### REQUIRED ACTION
Beginning with the line below that contains "Doftbox.se Logo" and ending with the line that contains "Jean Isla Bootcut", copy every line exactly. Copy nothing else.

### MATERIAL FOR THE TASK
+++
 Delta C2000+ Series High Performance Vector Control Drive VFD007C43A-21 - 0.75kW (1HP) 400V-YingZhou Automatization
+++
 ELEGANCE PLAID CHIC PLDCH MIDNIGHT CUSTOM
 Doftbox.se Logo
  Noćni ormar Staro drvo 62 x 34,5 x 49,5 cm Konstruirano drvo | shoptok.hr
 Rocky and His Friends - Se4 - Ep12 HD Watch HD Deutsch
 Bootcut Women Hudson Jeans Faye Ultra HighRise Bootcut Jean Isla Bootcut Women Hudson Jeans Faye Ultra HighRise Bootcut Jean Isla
+++
### TASK RESULT
 Doftbox.se Logo
  Noćni ormar Staro drvo 62 x 34,5 x 49,5 cm Konstruirano drvo | shoptok.hr
 Rocky and His Friends - Se4 - Ep12 HD Watch HD Deutsch
 Bootcut Women Hudson Jeans Faye Ultra HighRise Bootcut Jean Isla Bootcut Women Hudson Jeans Faye Ultra HighRise Bootcut Jean Isla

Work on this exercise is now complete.